GIVEN DATA Block Start
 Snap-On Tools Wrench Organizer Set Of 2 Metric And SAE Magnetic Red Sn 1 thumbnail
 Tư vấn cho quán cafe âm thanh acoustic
GIVEN DATA Block End
GIVEN DATA Block Start
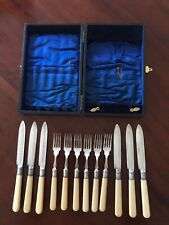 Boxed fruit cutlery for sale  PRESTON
GIVEN DATA Block End
◆ **DIRECTIONS**: Using the entries above, repeat only the lines from the one containing "Snap-On Tools Wrench" through the one containing "Tư vấn cho quán cafe âm thanh acoustic", end lines included.

◆ **EXERCISE ANSWER**:
 Snap-On Tools Wrench Organizer Set Of 2 Metric And SAE Magnetic Red Sn 1 thumbnail
 Tư vấn cho quán cafe âm thanh acoustic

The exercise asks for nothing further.